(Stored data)
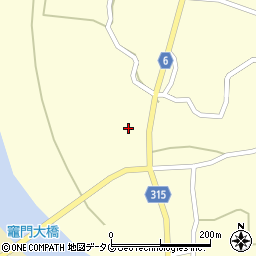 熊本県玉名郡和水町竈門455周辺の地図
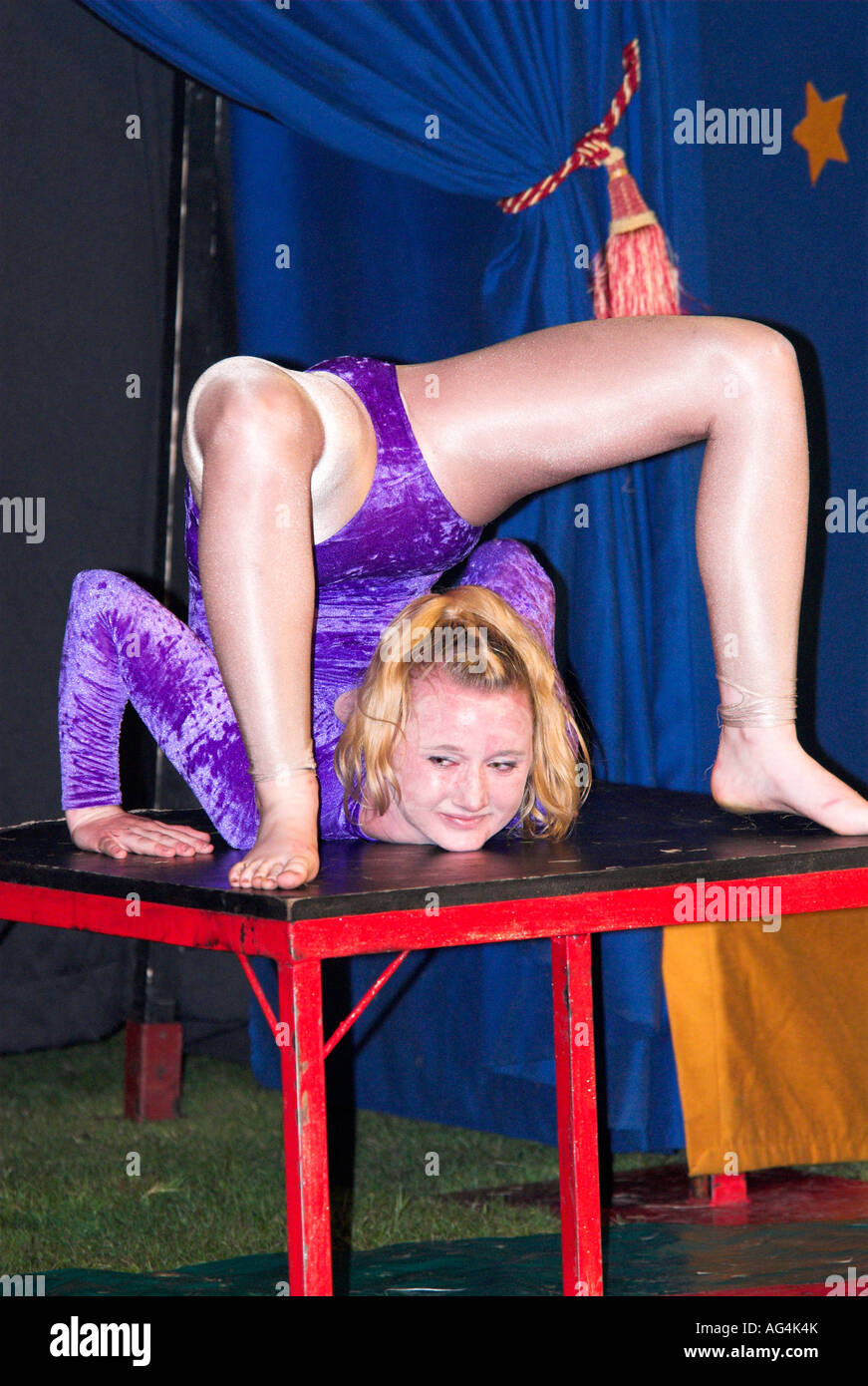 Contortionist Performing in a Circus Stock Photo Alamy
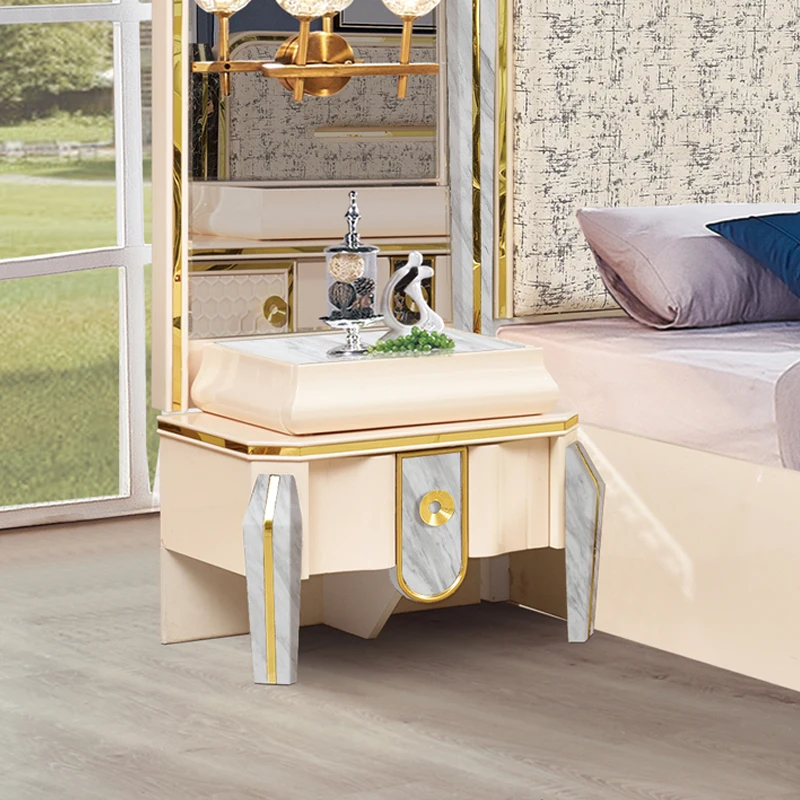 Современная итальянская мебель для стильных спален роскошная кровать спальни из МДФ и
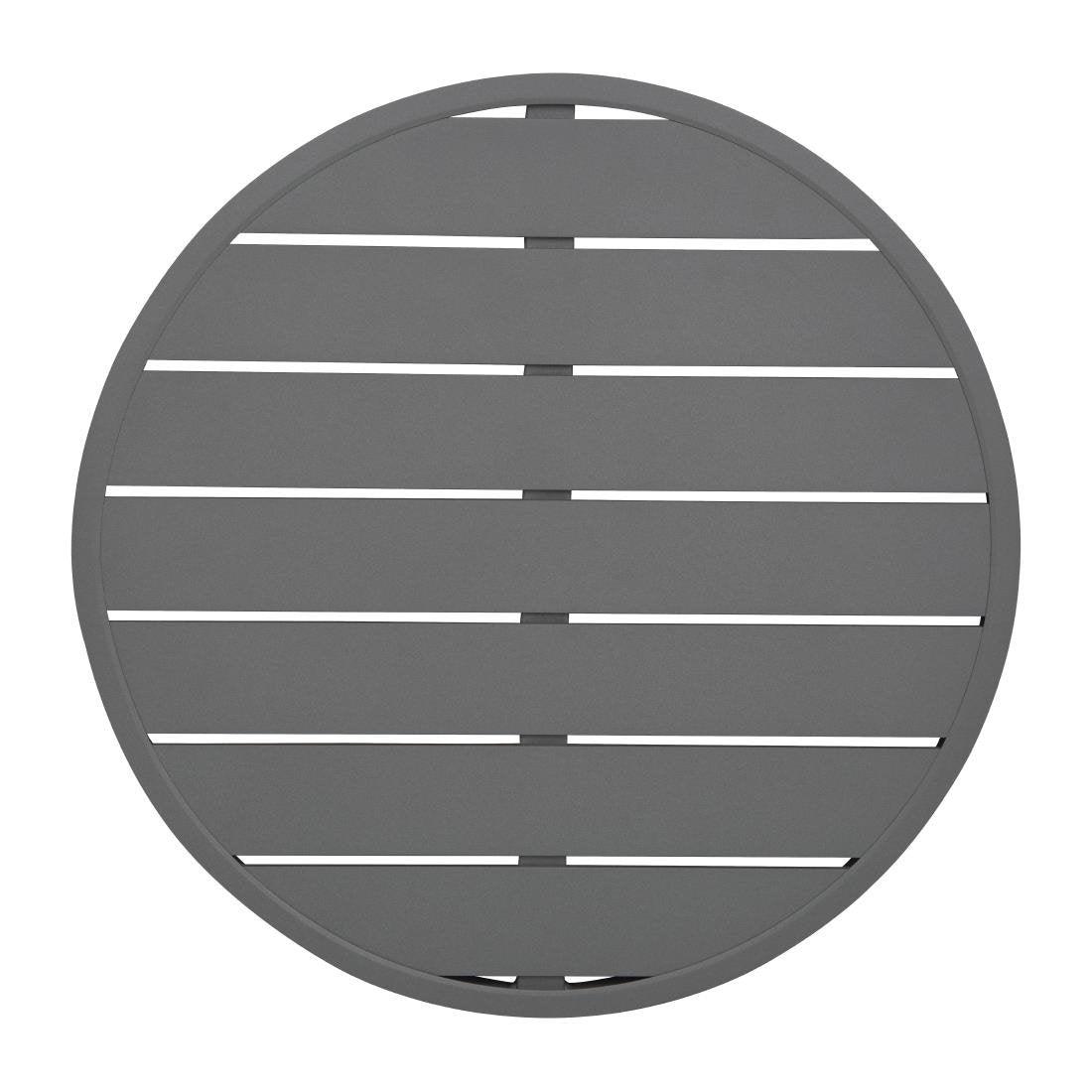 Plateau de table rond en aluminium Bolero gris foncé 580 mm - FRANCE CHR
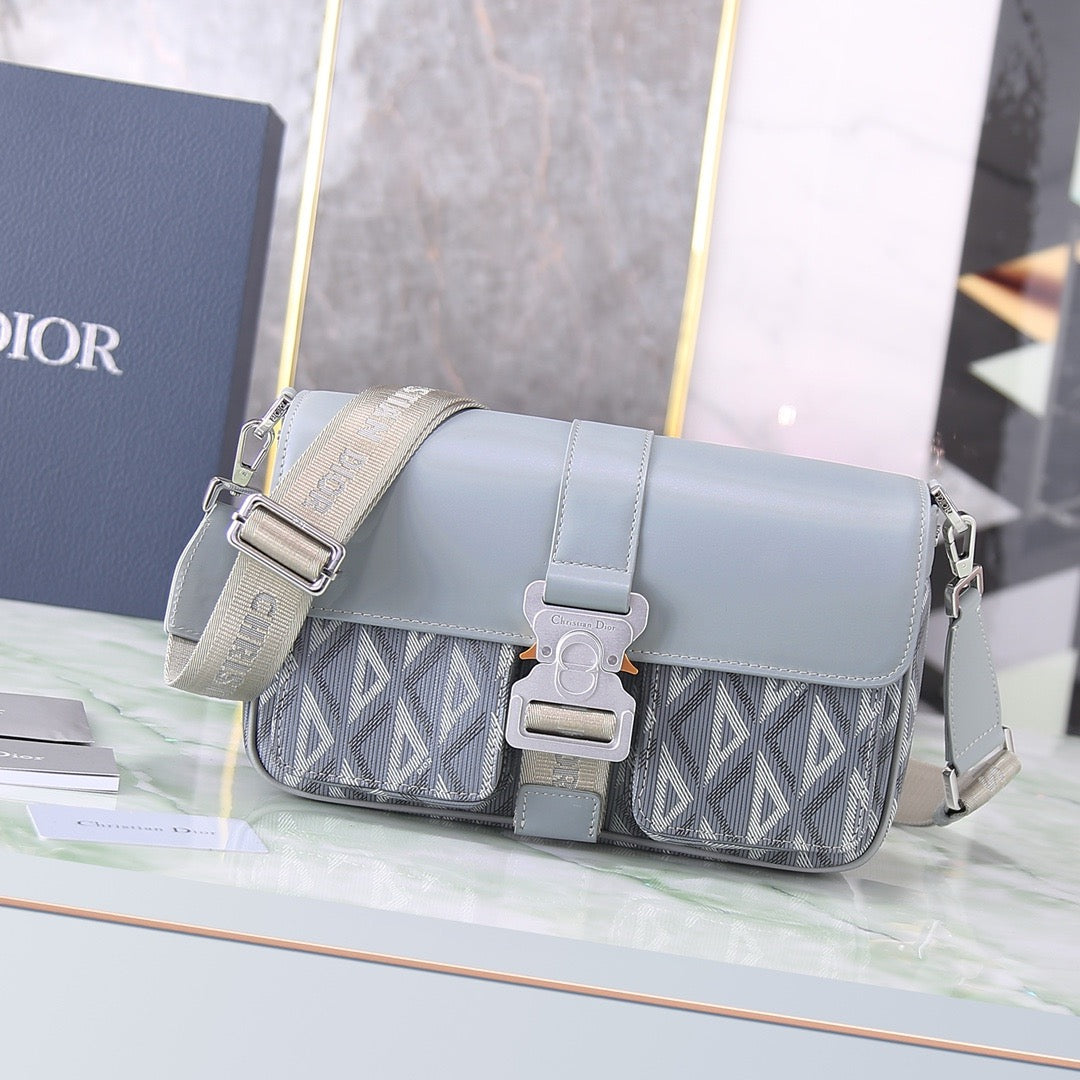 CD Diamond Messenger Bag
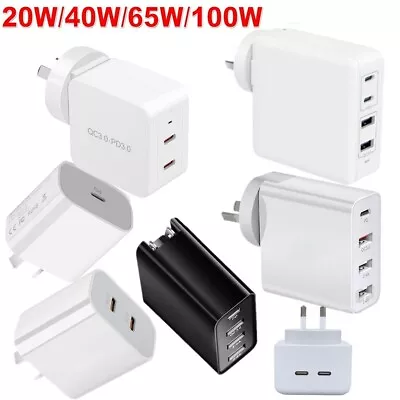 40W/65W/100W USB-C Fast Charger 1/2/4Port Type C Power Adapter For Phone Macbook • $21.99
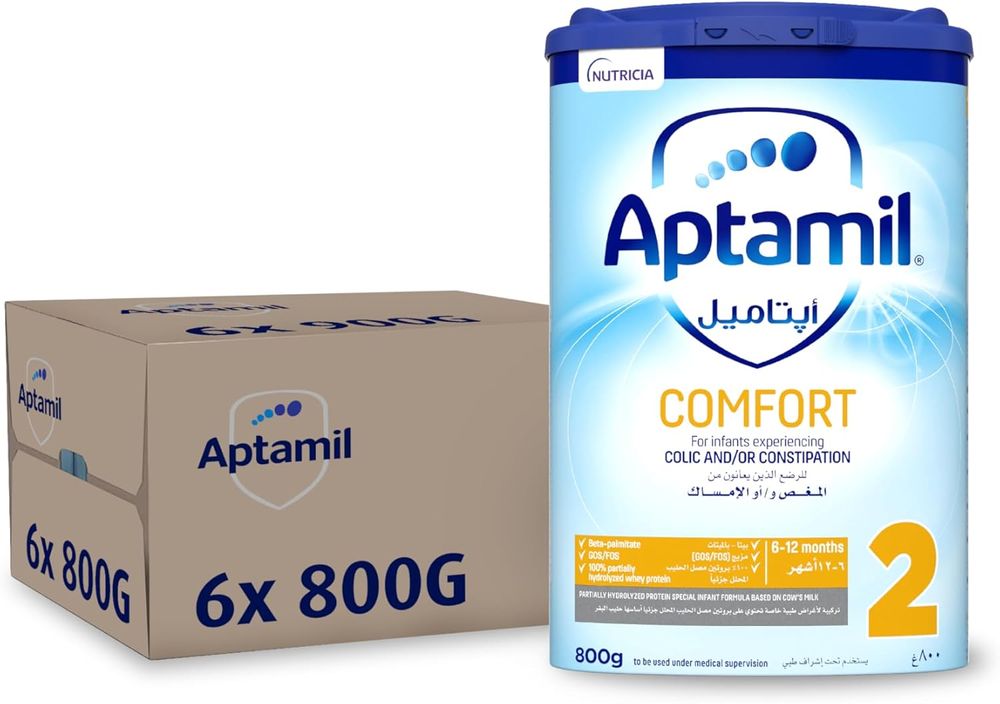 Aptamil - Comfort 2 Follow-On Formula Milk - 800g - Pack Of 6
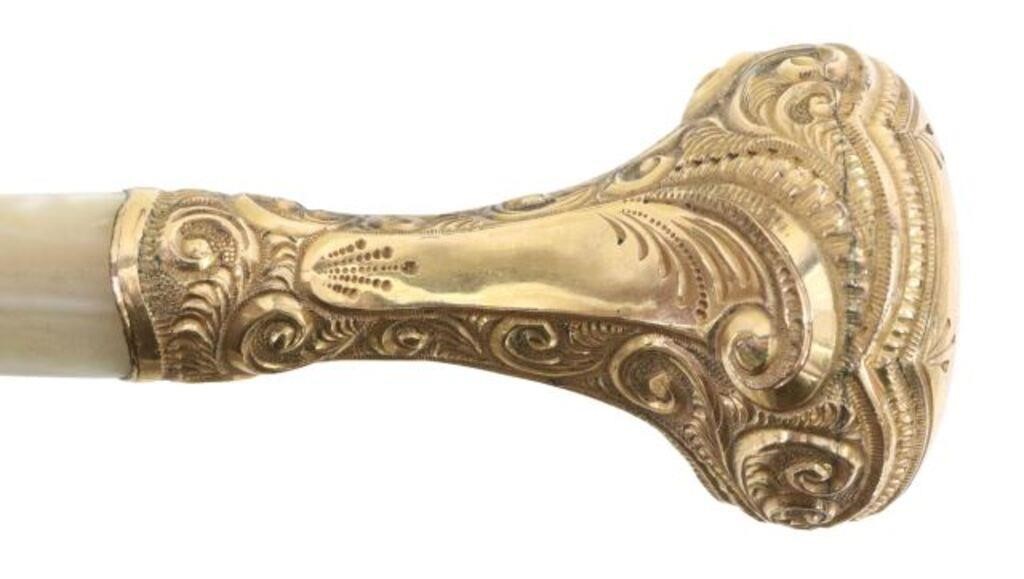 VICTORIAN SHELL & GOLD-PLATED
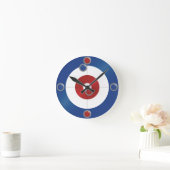 Curling rings wall clock runde wanduhr (Zuhause)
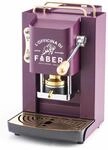 Faber Pro Total Deluxe Kaffeemaschine aus Messing mit Pads aus Ese Papier 44 mm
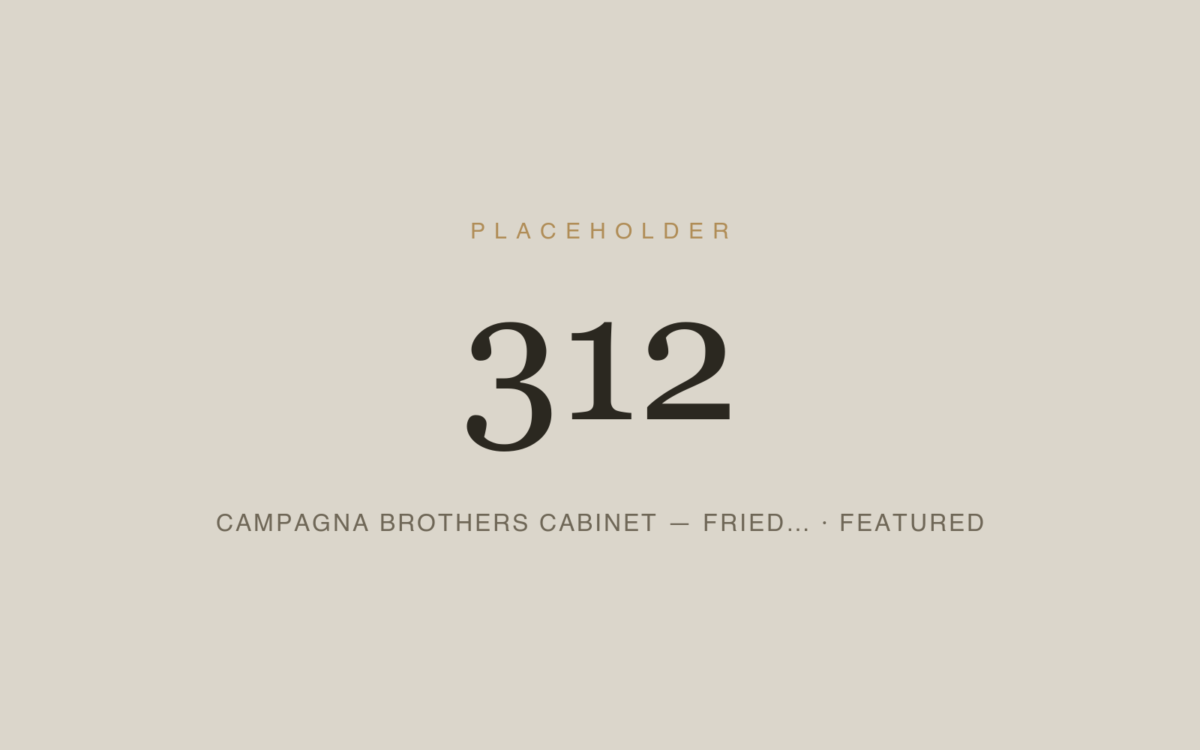 Campagna Brothers Cabinet — Friedman Benda Gallery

◆ **TASK BRIEF**:
The reply should hold the lines from the top of the records through the line containing "Faber Pro Total", reproduced exactly, and no pictures.

◆ **YOUR SOLUTION**:
 熊本県玉名郡和水町竈門455周辺の地図
 Contortionist Performing in a Circus Stock Photo Alamy
 Современная итальянская мебель для стильных спален роскошная кровать спальни из МДФ и
 Plateau de table rond en aluminium Bolero gris foncé 580 mm - FRANCE CHR
 CD Diamond Messenger Bag
 40W/65W/100W USB-C Fast Charger 1/2/4Port Type C Power Adapter For Phone Macbook • $21.99
 Aptamil - Comfort 2 Follow-On Formula Milk - 800g - Pack Of 6
 VICTORIAN SHELL & GOLD-PLATED
 Curling rings wall clock runde wanduhr (Zuhause)
 Faber Pro Total Deluxe Kaffeemaschine aus Messing mit Pads aus Ese Papier 44 mm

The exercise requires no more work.